Houghton Mifflin Harcourt Breakdown: Everybody’s Hurt

By Neal 

hmharcourt-logo.jpgWe got an email last night from somone describing themselves as a senior level Houghton Mifflin Harcourt staffer who was affected in this week’s layoffs, along with nearly 200 hundred others. Our source is confident about that number: “I counted the others listed on ‘Exhibit B Disclosure under title 29 US Code 626 (f) (1) (H) Personnel Eligible for Severance Benefits’ which was included in my severance packet.” Here’s what this former HMH employee has to say about what’s happened:

“The adult trade division has been crippled to the extent that books in production cannot be attended to and are now ‘frozen,’ something that I’ve never heard of before (and this is my third layoff in a twenty-year publishing career). Many here are surmising that the adult trade division is rapidly being dismantled and discarded. Among those laid off were a 79-year-old acquisitions editor who had signed [four] Nobel Prize-winning authors in her career [Drenka Willen] and a senior designer with over thirty years of stellar service. We who worked at HMH are heartsick at the gutting of these two prestigious and respected companies, Houghton Mifflin and Harcourt.”

We also spoke with an author who had been published by HMH in the past and had delivered a new nonfiction manuscript—dealing with a subject matter similar to the earlier work—just before the “freeze” on new acquisitions. “They took a look at it, but I think they’re just overwhelmed,” this writer told us. “I’m sort of happy that it all happened now and not a month later.” As it is, the early warning has allowed this author’s agent to show the material around town, and we’re told there’s some interest, but it’s worth noting that the HMH editor who published the earlier work was widely regarded as one of the industry’s best editors dealing with this particular subject matter.
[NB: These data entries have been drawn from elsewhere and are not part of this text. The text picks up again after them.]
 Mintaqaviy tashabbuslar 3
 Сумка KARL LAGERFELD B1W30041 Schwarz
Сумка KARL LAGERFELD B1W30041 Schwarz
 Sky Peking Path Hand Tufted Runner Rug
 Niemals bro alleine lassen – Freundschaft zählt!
Yes, we could think of several editors who would be just as right for this book even before we turned to Publishers Marketplace to look through the deals made in this category—the point is this editor (who is still at HMH as far as we and the author knew yesterday afternoon) has through no fault of her own been forced into a position where her ability to build upon the strong portfolio of books and authors she’s cultivated over the years has been severely crippled.
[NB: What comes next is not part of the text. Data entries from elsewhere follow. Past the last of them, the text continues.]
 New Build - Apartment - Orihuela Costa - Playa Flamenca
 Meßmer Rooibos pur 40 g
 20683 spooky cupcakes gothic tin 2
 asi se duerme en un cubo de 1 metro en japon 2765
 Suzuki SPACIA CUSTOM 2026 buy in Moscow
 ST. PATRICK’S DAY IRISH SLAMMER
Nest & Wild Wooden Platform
And, in the long run, multiplied by the number of other editors whose critical acumen has been similarly stymied, that’s not just bad for the book business, it’s bad for everyone. “I hate to be doom-and-gloom about this,” the author worried, “but when one of the great American literary publishers isn’t taking books, that’s a blow to the culture.” The worst case scenario for writers? “You make decisions about your career based on what you love to do,” the author explained, “but when it gets to the point that you can’t make a living writing… Maybe writing books will become just the hobby of rich people, or people who can live very cheaply.”